More work is needed to reduce reliance on credit rating agencies, according to the chairman of Esma.

Steven Maijoor was speaking as the European regulatory body published a report on the regulation of CRAs across the EU.

Esma has asked the European Commission for more supervisory powers regarding the appointment of independent non-executive directors by CRAs, and if fines could better reflect a CRA’s turnover.

Mr Maijoor said: “The financial crisis made it clear that reforming the CRA industry was imperative in order to have safer financial markets, and I am pleased to report that the resulting legislation and our role as direct supervisor of CRAs are having a positive impact.

“While it is encouraging to see that changes are taking place, we are realistic and know there is still work to be done, which is why we have made recommendations relating to further supervisory powers regarding the appointment of independent non-executive directors and enhanced enforcement powers.”

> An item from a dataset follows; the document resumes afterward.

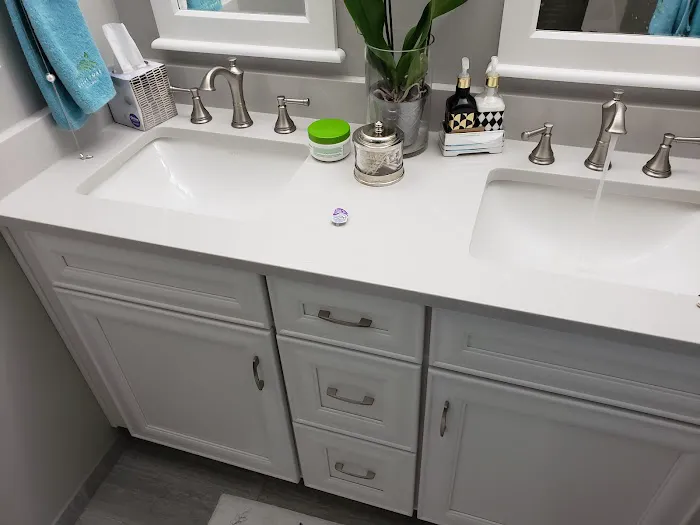 AB Plumbing & Contracting LLC Picture 3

He added that future action should focus on mitigating mechanistic reliance on credit ratings rather than removing them from legislation entirely since this may not be practical.

Background

The three big credit rating agencys – Standard & Poor’s, Moody’s and Fitch – were criticised for failing to warn investors of the dangers of investing in the mortgage-backed securities which led to the financial crisis.

After the crisis, most of the securities which had previously been given triple-A ratings had been downgraded to junk.